_Exercise_.
In the listing below, print exactly the lines between the line holding "Photo 4 VIN: 5FNYF6H50HB094494" and the line holding "JTMBFREVXHJ706480 - 2017", inclusive, and no more.

_Records to process_.
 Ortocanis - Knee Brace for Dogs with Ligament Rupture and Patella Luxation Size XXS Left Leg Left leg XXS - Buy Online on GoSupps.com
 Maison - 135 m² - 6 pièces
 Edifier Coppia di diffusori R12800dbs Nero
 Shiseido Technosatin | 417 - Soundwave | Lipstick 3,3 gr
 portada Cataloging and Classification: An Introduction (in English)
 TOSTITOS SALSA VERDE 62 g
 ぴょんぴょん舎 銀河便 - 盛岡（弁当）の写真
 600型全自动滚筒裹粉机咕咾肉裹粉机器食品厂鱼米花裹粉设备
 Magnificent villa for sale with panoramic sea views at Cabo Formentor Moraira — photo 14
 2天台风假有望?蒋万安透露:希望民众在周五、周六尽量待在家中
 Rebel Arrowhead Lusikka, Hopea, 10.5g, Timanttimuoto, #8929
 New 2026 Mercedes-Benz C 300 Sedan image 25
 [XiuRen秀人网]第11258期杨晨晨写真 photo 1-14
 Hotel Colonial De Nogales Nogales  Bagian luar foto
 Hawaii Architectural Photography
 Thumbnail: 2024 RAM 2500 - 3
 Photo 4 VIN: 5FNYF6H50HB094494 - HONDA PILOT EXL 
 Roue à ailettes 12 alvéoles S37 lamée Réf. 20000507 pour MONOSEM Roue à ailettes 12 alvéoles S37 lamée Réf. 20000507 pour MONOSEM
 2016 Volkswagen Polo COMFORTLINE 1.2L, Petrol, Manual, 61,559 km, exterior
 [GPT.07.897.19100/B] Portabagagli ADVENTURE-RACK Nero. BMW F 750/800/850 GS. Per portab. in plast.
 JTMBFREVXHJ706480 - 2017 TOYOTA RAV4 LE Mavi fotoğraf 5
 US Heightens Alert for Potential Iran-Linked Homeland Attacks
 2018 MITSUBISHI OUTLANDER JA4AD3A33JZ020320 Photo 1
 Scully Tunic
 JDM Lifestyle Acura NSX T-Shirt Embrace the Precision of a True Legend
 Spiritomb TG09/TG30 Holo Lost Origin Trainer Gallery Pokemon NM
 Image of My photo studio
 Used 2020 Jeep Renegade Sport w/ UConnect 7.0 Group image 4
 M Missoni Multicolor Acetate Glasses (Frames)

_Solution to this problem_.
 Photo 4 VIN: 5FNYF6H50HB094494 - HONDA PILOT EXL 
 Roue à ailettes 12 alvéoles S37 lamée Réf. 20000507 pour MONOSEM Roue à ailettes 12 alvéoles S37 lamée Réf. 20000507 pour MONOSEM
 2016 Volkswagen Polo COMFORTLINE 1.2L, Petrol, Manual, 61,559 km, exterior
 [GPT.07.897.19100/B] Portabagagli ADVENTURE-RACK Nero. BMW F 750/800/850 GS. Per portab. in plast.
 JTMBFREVXHJ706480 - 2017 TOYOTA RAV4 LE Mavi fotoğraf 5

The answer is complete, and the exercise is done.